The pH value of a typical dilute phenol solution in water ranges between 5 and 6, depending on the concentration of phenol. It signifies that a very dilute solution is not acidic enough to eventually turn a litmus paper into crimson color. Litmus paper, on the other hand, will be blue at pH = 8 and red at pH = 5, if there is anything in between, it will be represented as a shade of “neutral” therefore the color won’t change. When phenol interacts with sodium hydroxide solution, it produces a colorless solution containing sodium phenoxide in it. The strongly basic hydroxide ion in the sodium hydroxide solution eliminated the hydrogen ion during the reaction.

• With Sodium Carbonate or Sodium Hydrogen Carbonate

Phenol is insufficiently acidic to react with any of these compounds. Carbonate and hydrogen carbonate ions, on the other hand, are not solid enough to extract a hydrogen ion from a phenol. Unlike most other acids, phenol does not emit carbon dioxide when combined with another compound. Furthermore, this lack of reactivity is highly beneficial, We can also identify phenol for the reasons shown below.

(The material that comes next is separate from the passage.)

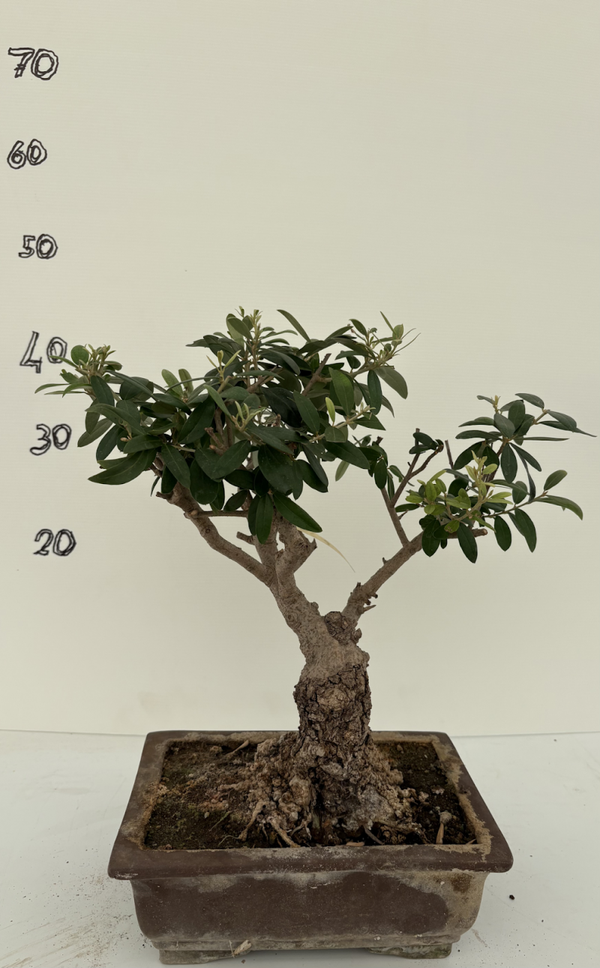 Bonsai di ulivo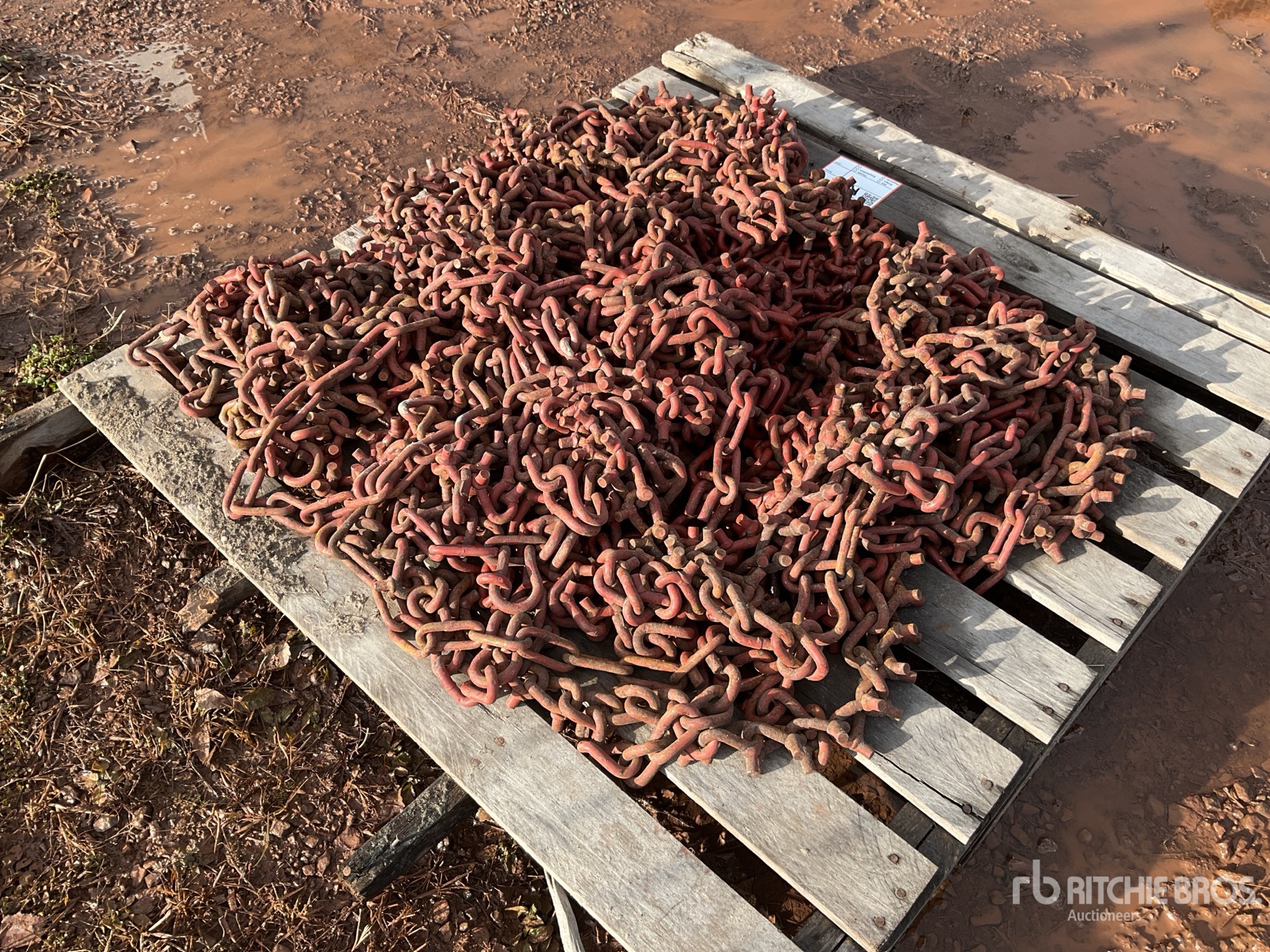 General Appearance with Zdjęcie, prawy dolny róg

• It is water-soluble but not completely soluble.
• It must be acidic because it frequently interacts with the sodium hydroxide solution to form a colorless solution.

Conclusion-

As discussed above we are discussing the acidic nature of phenols. Phenols, like the aqueous sodium hydroxide, react to form phenoxide ions. This suggests that phenols are greater acidic in nature than alcohol and water molecules. We have even talked about the reactions which show the acidic nature of phenols. We have talked about the properties of phenol as an acid.